Note: cudarc automatically frees memory when CudaSlice is dropped. This method should be called to update tracking when memory is freed.

Source

pub fn alloc_raw( self: &Arc<Self>, bytes: usize, tag: AllocTag, ) -> Result<RuntimeAllocBlock>

v0.6 device-runtime entry point: allocate bytes raw bytes through the attached XlogDeviceRuntime.

Returns a RuntimeAllocBlock that owns the allocation. On drop, the block deallocates through the runtime and updates both the manager’s local allocated counter and the runtime’s bookkeeping.

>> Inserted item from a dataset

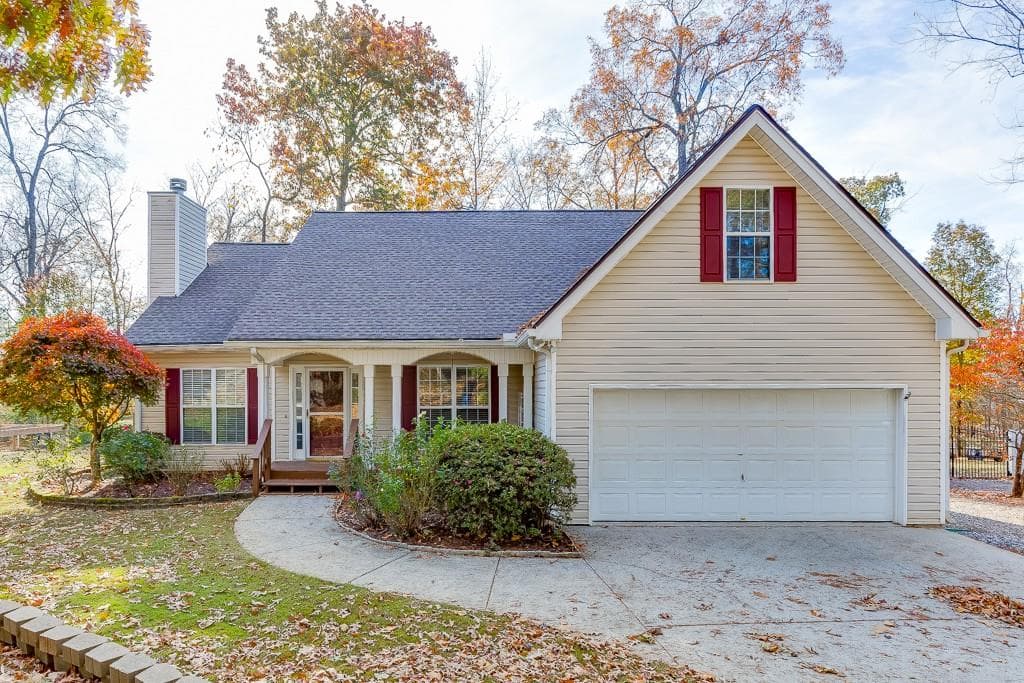 1880 Pilgrim Road, Cumming, GA 30040 — most recent listing photo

Both budgets apply: the manager’s local MemoryBudget::device_bytes AND any GlobalDeviceBudget stacked above the runtime’s underlying resource. Either rejecting the request returns an XlogError. On runtime rejection the local reservation is rolled back so subsequent allocations see consistent state.

§Errors

XlogError::Kernel if no runtime is attached.
XlogError::ResourceExhausted if the local budget cannot accommodate the request.
XlogError::Kernel (with the resource error rendered) if the runtime rejects the request — including the runtime’s own OutOfBudget, which is mapped here so callers see a single error surface.

Source

pub fn remaining_bytes(&self) -> u64

Get remaining budget in bytes

Source

pub fn reset_tracking(&self)

Reset allocation tracking

This should be called when GPU memory has been freed but the tracker hasn’t been updated (e.g., when CudaSlice instances are dropped without calling record_free). This is a temporary workaround until proper RAII-based tracking is implemented.